My friend N. has recently delved into shooting his M-1891/59 Mosin-Nagant and No.4 Mk.I Lee-Enfield with "mousefart" loads. These are even less powerful than Ed Harris’s “The Load” of 13 grains of Red Dot under a 150 - 180 grain bullet. N. is loading a 115 or 125 grain cast bullet on top of 5.0 grains of Bullseye. (His first try in 7.62R used 6 grains of Bullseye but accuracy was horrible. Backing off to 5 grains shrank the groups.)
He has a good stock of No.209 shotshell primers but not a lot of large rifle primers. He also has a lathe in his basement workshop, as you can see in the picture. It’s an older Jet unit with a 7” swing (not sure how long it is). He took some Berdan primed .303 cases that he’d stashed away and drilled out the primer pockets so they will accept No.209 primers.
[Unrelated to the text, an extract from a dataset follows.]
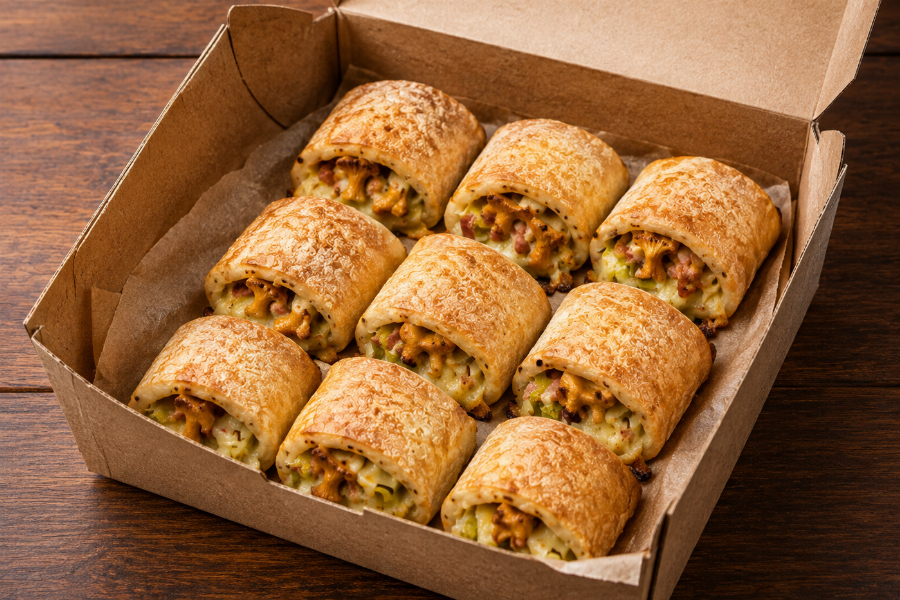 Pizzabrötchen Zwerge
Per N., he used three drill bits to modify each case:
"Center drill to keep main drill from following the firing pin dent, letter C for the main body, 21/64 to countersink the flange on the battery cup. Be careful! My Fiocchi primers are .002" larger than my Cheddite, and I understand the Cheddites are larger than most Yankee brands."
So measure the No.209 primers you have and pick drill sizes to match.
We haven't tried this with Boxer-primed brass but I don't see why it wouldn't work. This project was primarily to make something useful from what otherwise would be trash.
Something else to consider is how your rifle will handle escaping gas if something goes wrong. I have been present when someone experienced complete case head separations in a No.4 Lee-Enfield and another time in a Mosin-Nagant. The Lee-Enfield shooter didn't notice anything awry until he opened the bolt. The Mosin shooter got gas back in his face but was uninjured because he wore eye protection.
Also note that a lot of milsurp .303 and all 7.62x54R were corrosively primed. Make sure to clean your rifle accordingly when shooting that ammo. You also need to rinse out the brass with water if you plan to reuse it. (The No.209 primers are not corrosive. I'm only referring to the initial firing with the original primers.)